Debating David Stockman’s thesis, the New York Times columnist reassures that America’s spending is sustainable

Krugman Says Forget Debt, Help the Unemployed (PBS)

We recently sat down with former politician and businessman David Stockman to discuss his controversial book, "The Great Deformation," in which he argues our economic system is busted. In the previous Making Sen$e Business Desk post Stockman explains how to fix it. We also asked Nobel economist and New York Times columnist Paul Krugman what he would do. That exchange is below.

Paul Solman: So I asked David Stockman for his prescriptions, economic prescriptions for what ails us. Yours?

Paul Krugman: More spending right now. But if you want operational, I think the first and easiest thing we can do is [give] aid to state and local governments. We had some of that in the first year of the stimulus, but go back to it, 300 billion [dollars] a year of grants to state and local governments for necessary spending.
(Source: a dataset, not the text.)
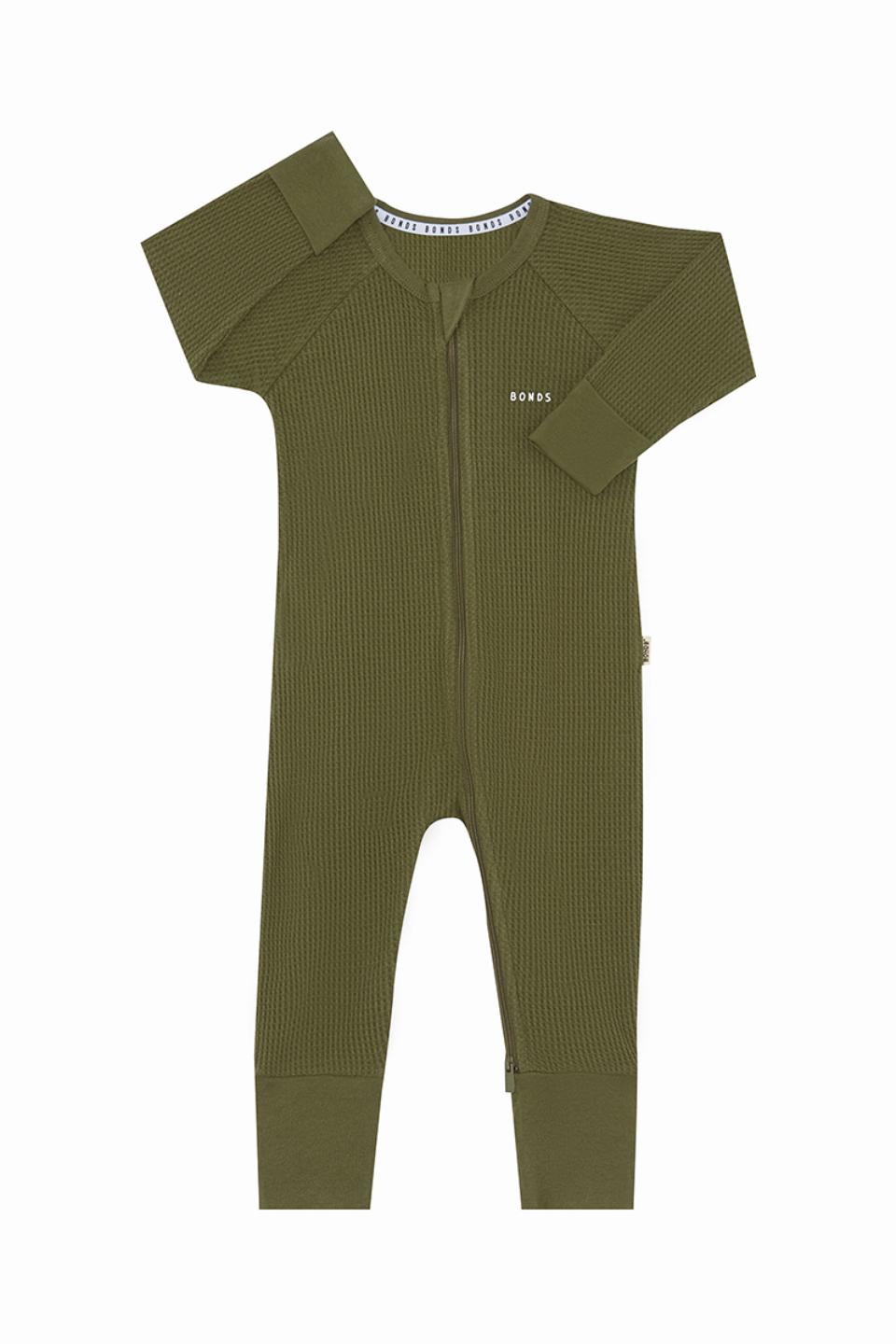Waffle Zip Wondersuit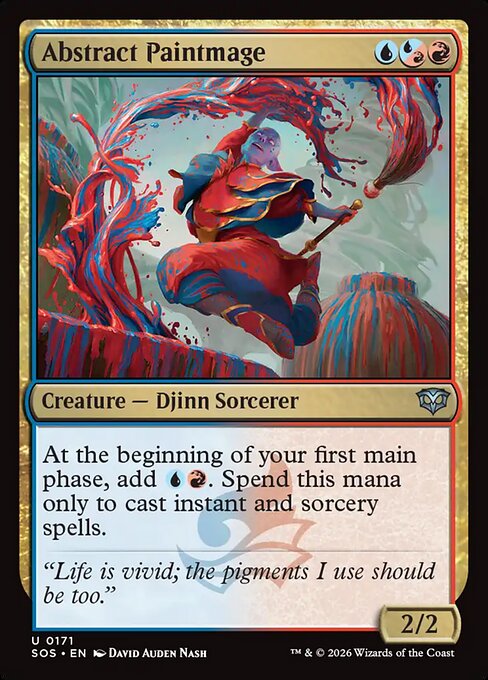Abstract Paintmage #171 from Secrets of Strixhaven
Rehire school teachers, fill potholes, resume infrastructure projects that have been put on hold. That right there is probably enough to bring the unemployment rate down by about a point and a half. So just there you get quite a lot of traction on the economy.

Then there are other things. There are, in fact, some worthy government spending, federal projects. There's a lot we can be doing on the rail system, not grandiose stuff. I'm not gonna say, "let's build a vacuum tunnel from the East to the West Coast," but there are a lot of, you know, just sort of bad stretches of track that need to be fixed that would accelerate stuff quite a lot.